Following his death in December of 1919, Renoir's three sons gifted the painting to the State in 1923 and displayed in the Musée d'Orsay in Paris where it remains to this day.
The title refers to the five female bathers enjoying the water, three of them washing each other in the background on the right meanwhile two models lie together in the foreground of the image. It is interesting to note that Renoir used a real life model as one muse for his work.
The woman, Andrée Madeleine Heuschling (1900- 1979), was a favourite model of Renoir's and appeared in other pieces of his including 'Blonde à la rose' from 1915-1917.
Hessling, as she was more commonly known, later married Renoir's second born son, Jean Renoir (1894- 1979), in 1920 but divorced ten years later. Both partners were influential in the world of film with Hessing as an actress and the younger Renoir as an Academy Award winning director, producer and writer.

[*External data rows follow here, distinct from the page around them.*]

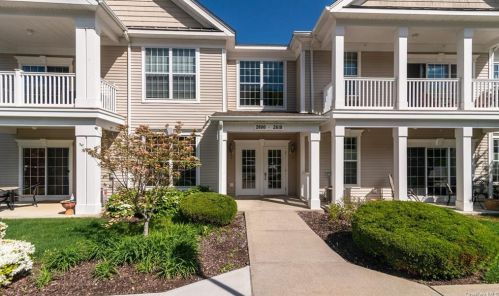 2612 Bennington Dr, Fishkill, NY 12524-4964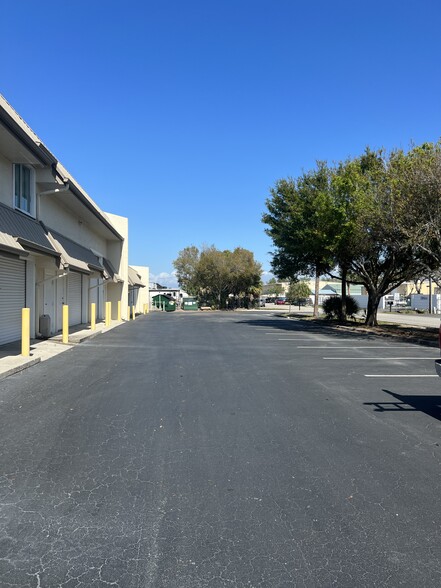 More Photos Of 5701 Houchin St, Naples Light Manufacturing For Lease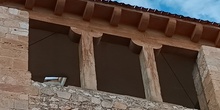 Detalle de estructura adintelada (S. Miguel de Bernuy)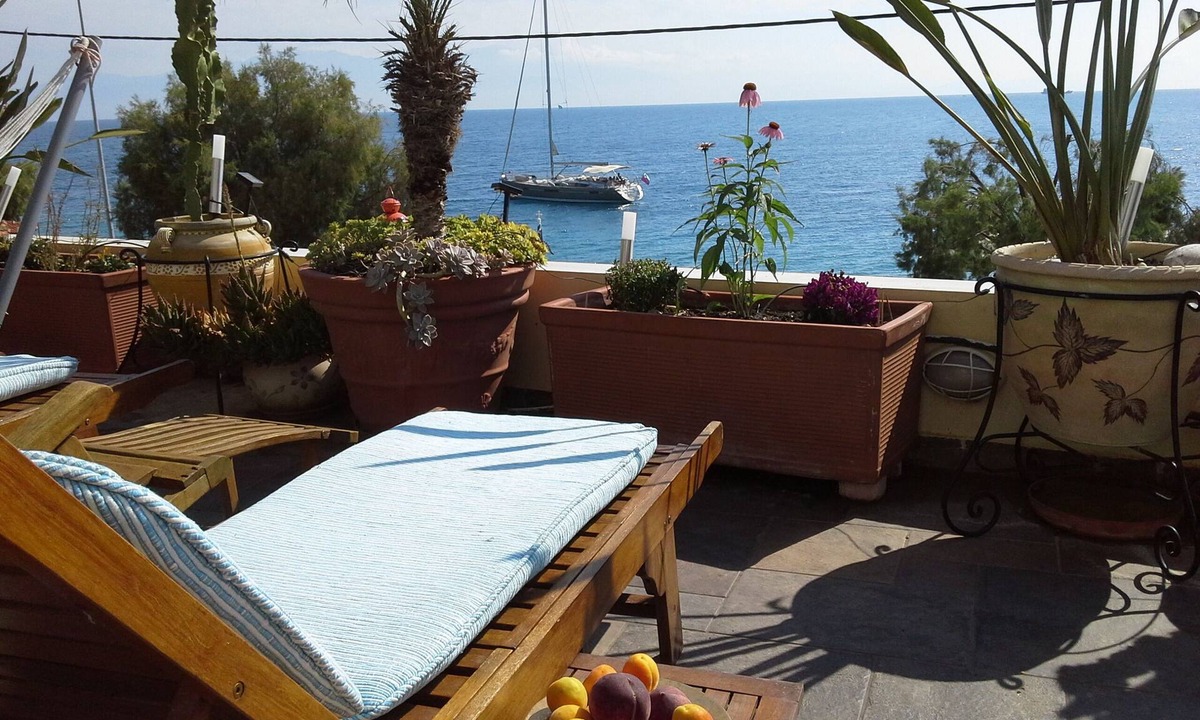 Kato Diminio Apartment | Diamante Beachfront Suite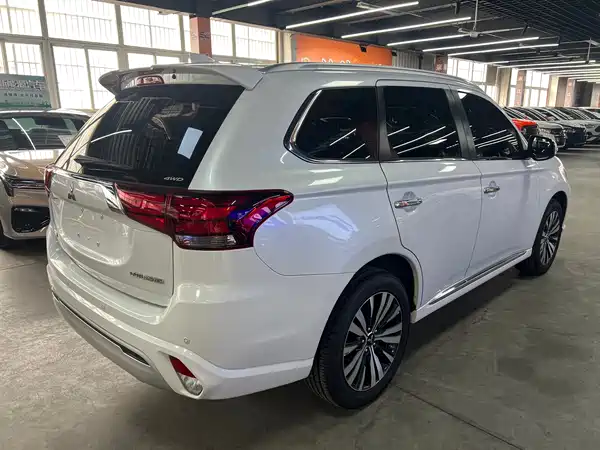 Mitsubishi Outlander 2021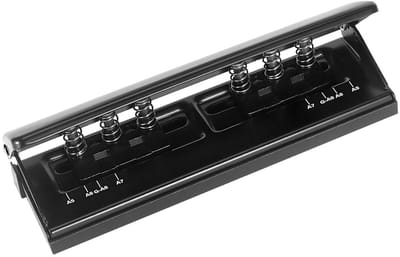GELLDG Verstelbare metalen perforator met 6 ringen - Geschikt voor A5-, A6- en A7-formaat - Met positioneringsmarkeringen - Perforeert 6 vellen tegelijk - Geschikt voor agenda's, persoonlijke documenten, kalenders, ringbandpagina's, enz. - Zwart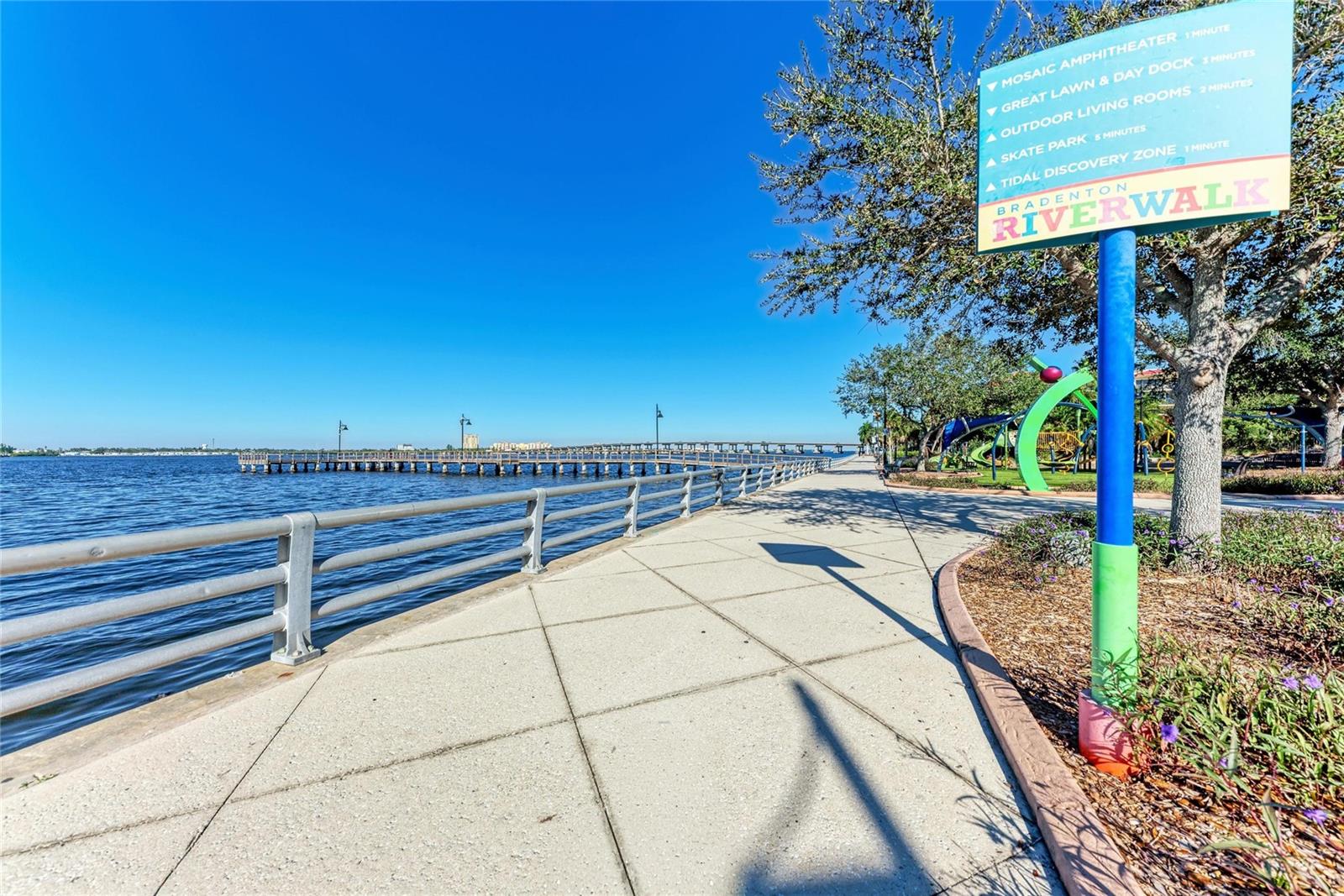 Image 88 of 100 For 1315 15th Avenue W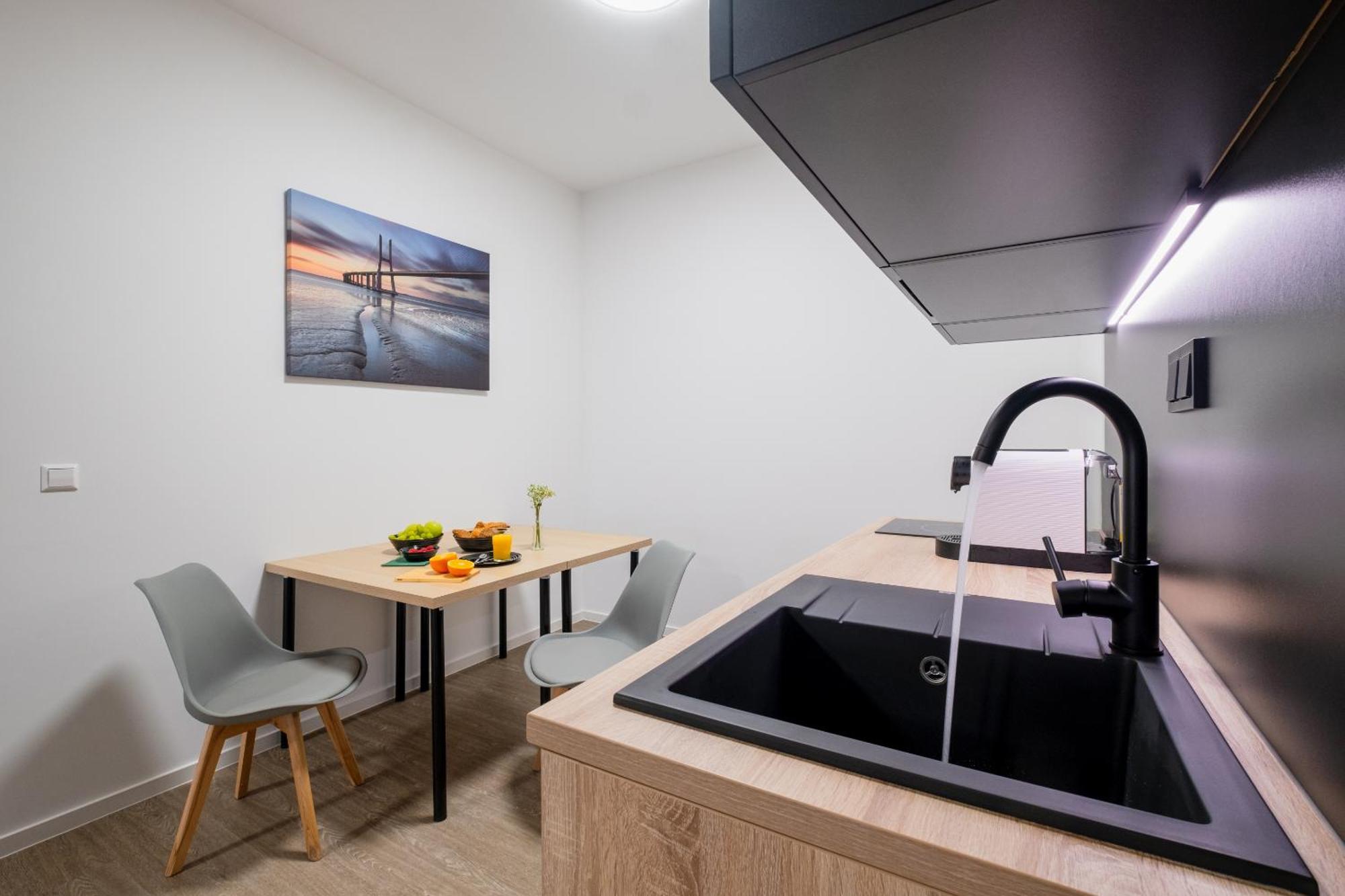 Jade & Jabo - Sehr Schoene Zimmer & Apartements Zum Wohlfuehlen Tageweise & Wochenweise Buchbar Нойс Екстер'єр фото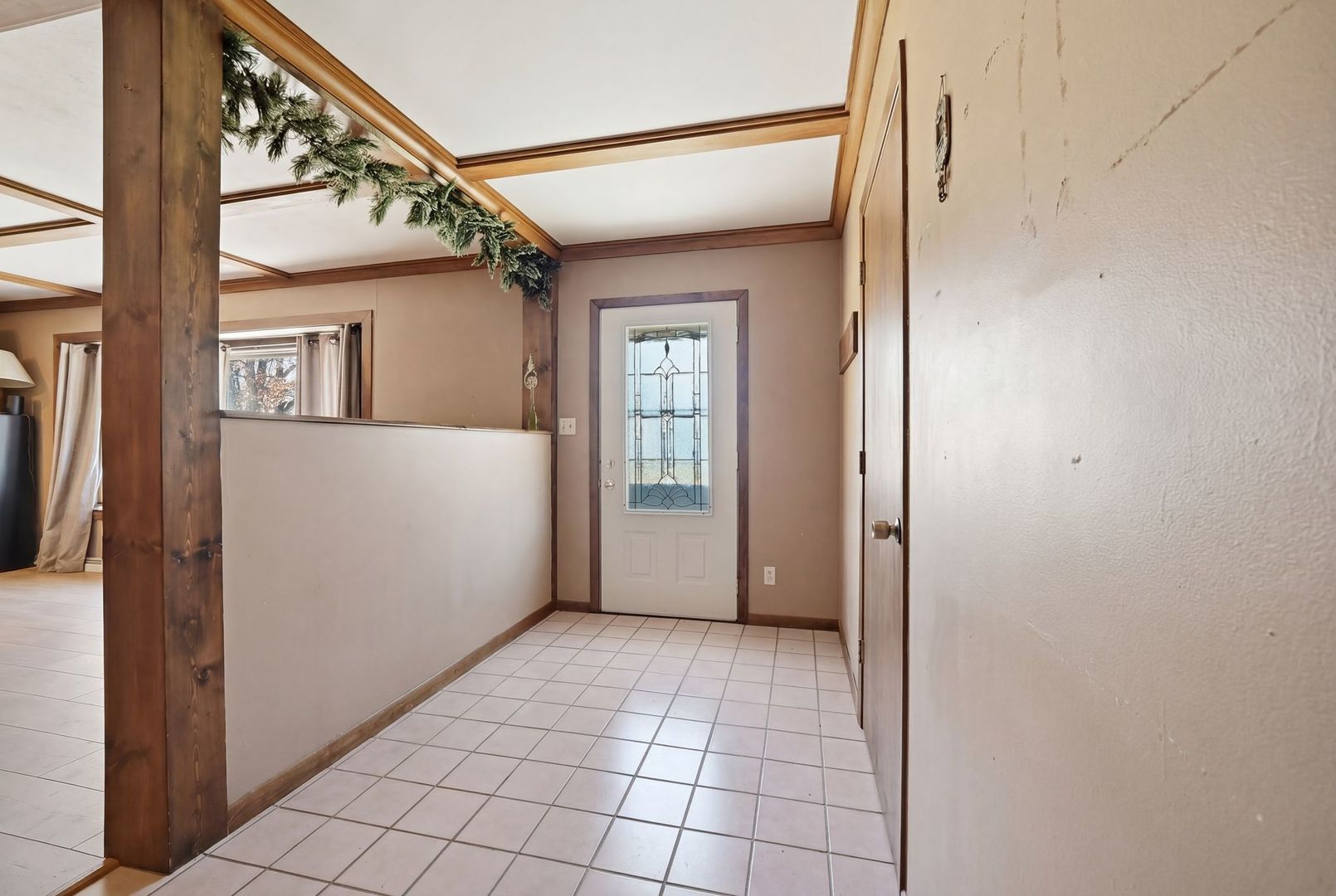 2594 E 1069th Road Property Photo 4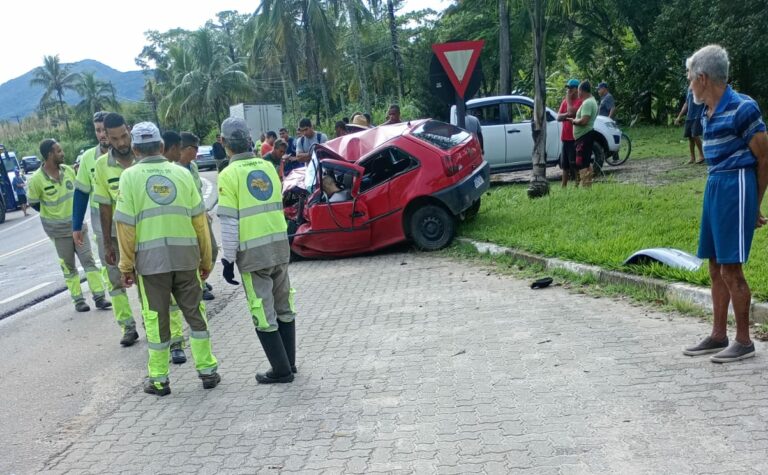 Acidente causa morte de homem e deixa outro ferido na Rio-Santos, em Caraguatatuba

In order to create a peaceful and eternal scene, Renoir removed any references or allusions to the real world and desired to illustrate a beautiful and timeless scene of nature.
Despite this, many believe that the verdant imagery in the background is that of the painter's own garden from his manor in Cagnes sur Mer in the South of France. The Mediterranean terrain was to evoke impressions of Greek and Roman mythology. Renoir wished to depict one of the paradises of the gods, free from the constraints of time and space.
Renoir drew inspiration for the piece from the open air nude works from artists such as Titian and Rubens who were greatly admired by Renoir himself. The realistic and full scale models of women against the glimmering landscape, as well as the use of dry paint are homages to traditional 17th and 18th century French paintings. Thomas Gainsborough was also significant in this genre, with famous paintings such as The Blue Boy and Mr and Mrs Andrews.
Despite the obvious skill and beauty visible in the art, Renoir faced much criticism and opinionated feedback. Many critics were unhappy with the new style Renoir had begun to experiment with, and others attacked his depiction of the models. In particular, the arms and legs were considered too large, the flesh to be soft and flabby and finally the pink hue of all models to be simply poor. Having spend nearly three years to complete, Renoir vowed to never again to commit such time and effort to a single work.